I believe the wood is Anigre but I am not completely sure. I bought these piece of wood from woodcraft exotics scrap box. This pen was finished with 3 coats thin CA, 4 coats medium CA and MM to 12000.


----------



## FishBone (Oct 11, 2004)

Nice, I have never seen a one piece cigar pen.


----------



## bill (May 21, 2004)

Cool wood, pen really sets it off


----------



## Fishin Tails (Mar 21, 2007)

Now that's a little different.

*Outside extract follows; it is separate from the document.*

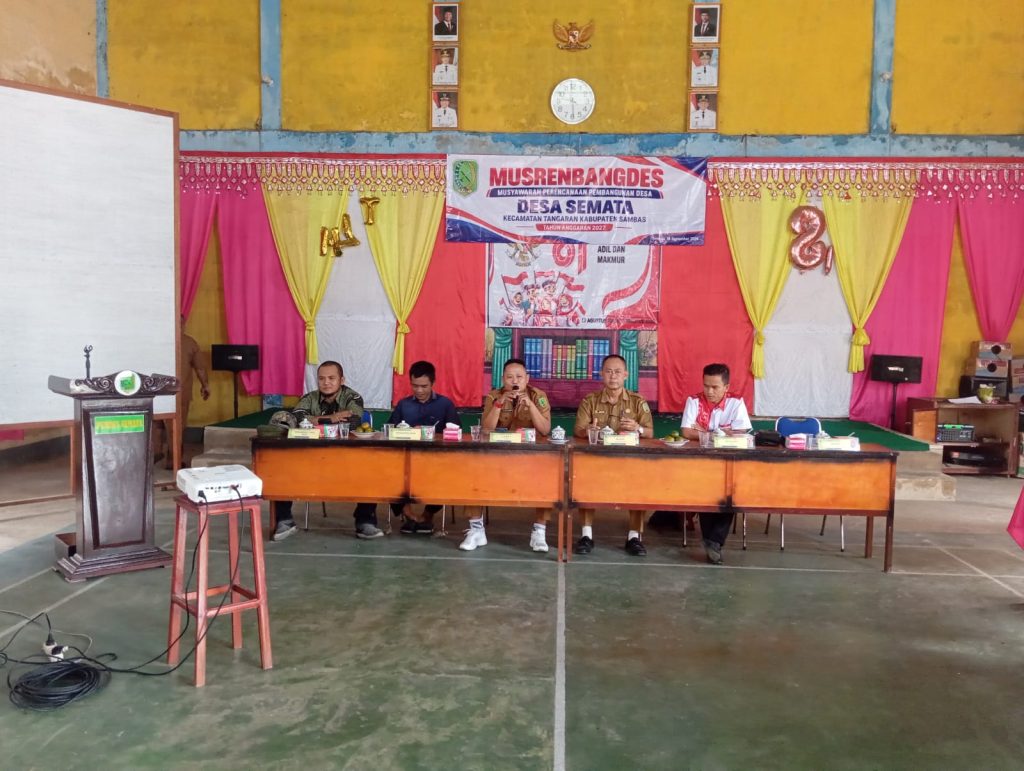 Pemerintah Desa Semata melaksanakan Musyawarah Perencanaan Pembangunan Desa (Musrenbang Desa) dalam rangka pembahasan dan penetapan Rencana Kerja Pemerintah Desa (RKPDes) Tahun Anggaran 2027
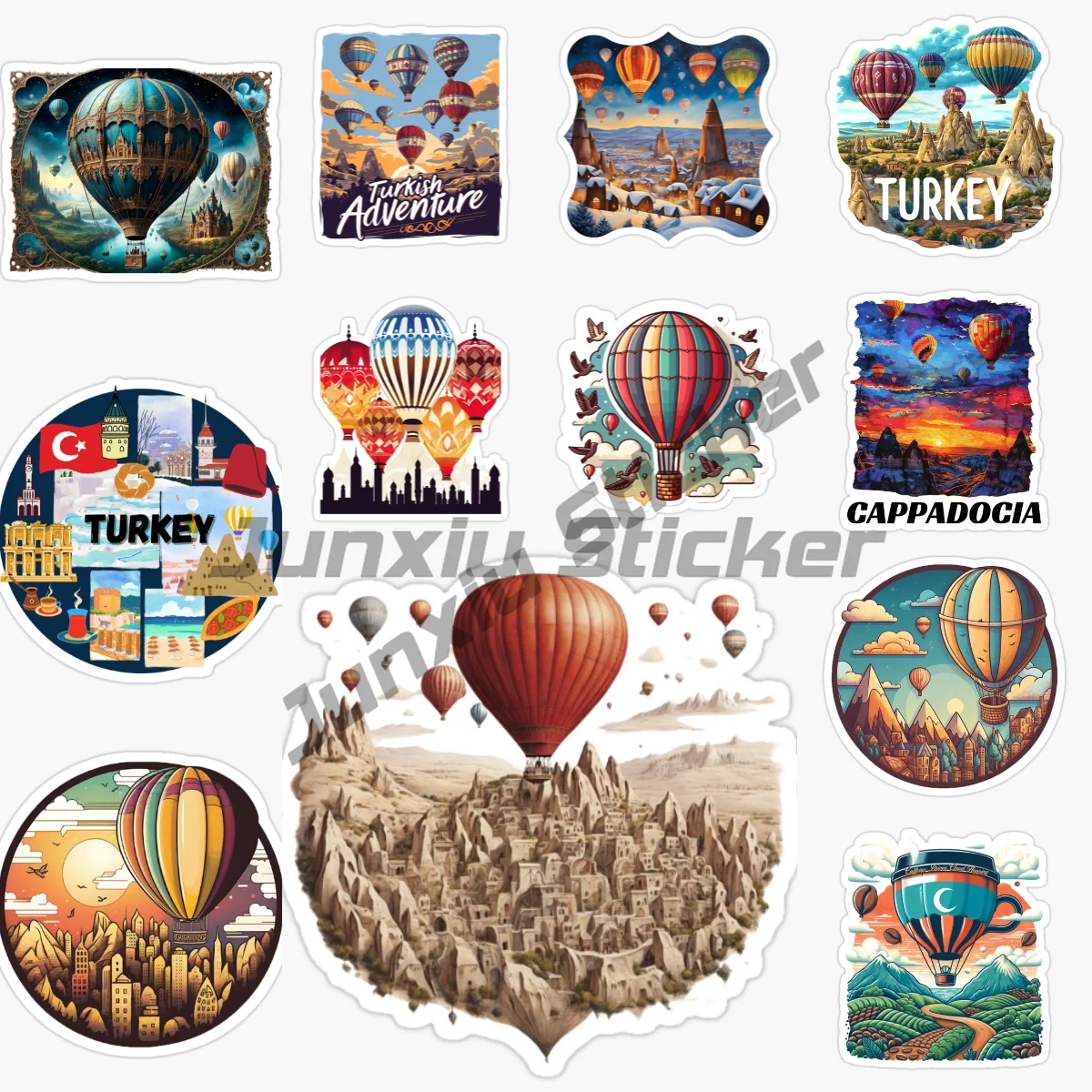 

Turkish Hot Air Balloon Cartoon Wall Car Sticker for Baby Rooms Decorations Nursery Mural Kids Room Decals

Great looking wood and work as well.


----------



## Robert A. (Jan 8, 2009)

Good looking Stick!! I have never seen a one peice Cigar! Great Work!


----------



## ATE_UP_FISHERMAN (Jun 25, 2004)

You need to make them in teak and stainless steel and sale them as "THE MARINER SERIES". I'd buy one...


----------



## FLATSDADDY (Mar 25, 2008)

ATE_UP_FISHERMAN said:


> You need to make them in teak and stainless steel and sale them as "THE MARINER SERIES". I'd buy one...


Agree with ATE_UP_FISHERMAN on the teak, but i'd be happier with antiqued and laquered brass hardware.


----------



## johnmyjohn (Aug 6, 2006)

Good work, one piece is it. They have a more natural look.


----------